[LLVMdev] Future plans for GC in LLVM

Tue Dec 9 03:12:41 PST 2014

Hello Philip,

I am an active user of LLVM's GC infrastructure. Here are some notes on how
I currently use gcroot():

1) I use several IRs. A high-level (CPS/SSA hybrid) IR is the target of
inlining and other such high-level optimization; most allocation is
implicit in the high level IR. Closure conversion/lambda-lifting produces a
variant of that IR, extended with explicit allocation constructs. A
separate pass introduces the allocations themselves.
2) Next, a dataflow-based root insertion pass inserts the minimal(ish) set
of roots and root reloads to preserve the invariant that every live GCable
pointer is in a root at each potential GC point. The root insertion pass
also computes liveness and uses it to minimize the set of roots via slot
coloring. The result of root insertion is (very close to) LLVM IR.
3) Potential GC points are determined inter-procedurally, and call sites
which are statically known to (transitively) not GC do not break GCable
pointer live ranges.
4) I use a lightly-modified variant of the OCaml plugin's stackmap format.
5) I don't currently use load or store barriers, but do eventually plan to.
6) I do support GCing through global variables.
7) I wrote a custom LLVM pass to verify that values loaded from GC roots
aren't used across GC points.

When I first started using gcroot(), I used the naïve approach of reloading
roots after every call, and encountered significant overhead. The
optimizations sketched above significantly reduced that overhead.
Unfortunately, I don't know of any meaningful language-independent
benchmark suites for measuring that sort of overhead, and of course the
overhead on any given program will strongly depend on details of how that
program is written...

Also, FWIW when I first started, I got up and running with the shadow
stack, just as Gordon described, before transitioning to the "real"
infrastructure. As long as it doesn't carry a significant burden on the
implementation side, I think it's worth having, because it significantly
improves the learning curve for new users.
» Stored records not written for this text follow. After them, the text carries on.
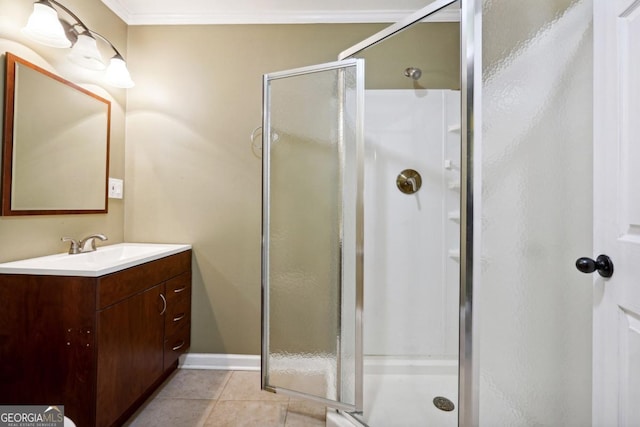 bathroom featuring vanity, tile patterned floors, a shower with shower door, and crown molding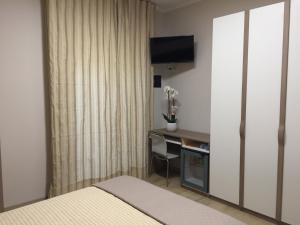 a hotel room with a desk and a television at Villa Augustea in Somma Vesuviana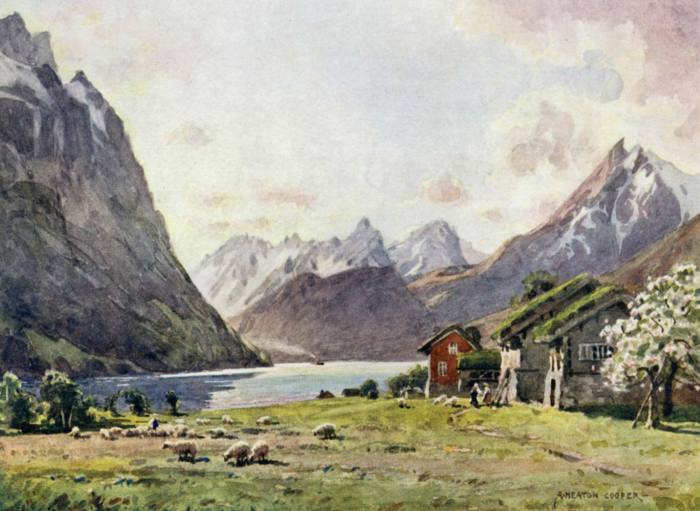 View of a fjord with a lone farmhouse and a pasture in the foreground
OK, direct answers to some of your questions:

* I think custom stack map formats have small but non-zero value. There
have been a few papers (most in the early 90's, I think) which showed that
stack maps can make up a non-trivial fraction of a binary's size, and thus
are increasingly desirable to optimize as programs grow larger. My verdict:
if support for custom formats are ever actively impeding forward progress,
toss 'em; otherwise, there should (eventually) be a more detailed look at
the costs and benefits.

* As above, I think the primary benefit of one-stackmap-per-safepoint is
saving space at the cost of time (and root traffic). AFAIK the primary
virtue of the one-stack-slot-per-gcroot() implementation is implementation
simplicity, nothing more.

* The ultimate strength & weakness of gcroot() is that basically everything
is left to the frontend. There's very little unavoidable overhead imposed
on a frontend that is willing to go the distance to generate non-naïve code
-- any knowledge that the frontend has can be used to generate better code.
Unfortunately, this also places a rather heavy burden on the frontend to
generate valid & efficient code.

Since I haven't had the chance to look beyond mailing list & blog posts on
statepoints, I can't comment much on their tradeoffs vs gcroots. The
high-level impression I get is that statepoints will allow a
less-sophisticated frontend to get better results than naïve usage of
gcroot(). It also looks like statepoints will do a better job of steering
frontends away from the pitfalls of using GC-invalidated pointer values.  I
have no idea whether there will be any codegen benefit for more
sophisticated frontends, but I'll be happy to port my implementation to
statepoints once they've gotten a chance to settle down somewhat, and
provide more detailed feedback to help determine what to eventually do with
gcroot(). I can currently only do ad-hoc benchmarking, but hopefully by the
time gcroot() is on the chopping block, I'll have a more extensive
automated performance regression test suite ;-)

One quick question: I think I understand why address spaces are needed to
distinguish GCable pointers for late safepoint placement, but are they also
needed if the frontend is inserting all safepoints itself?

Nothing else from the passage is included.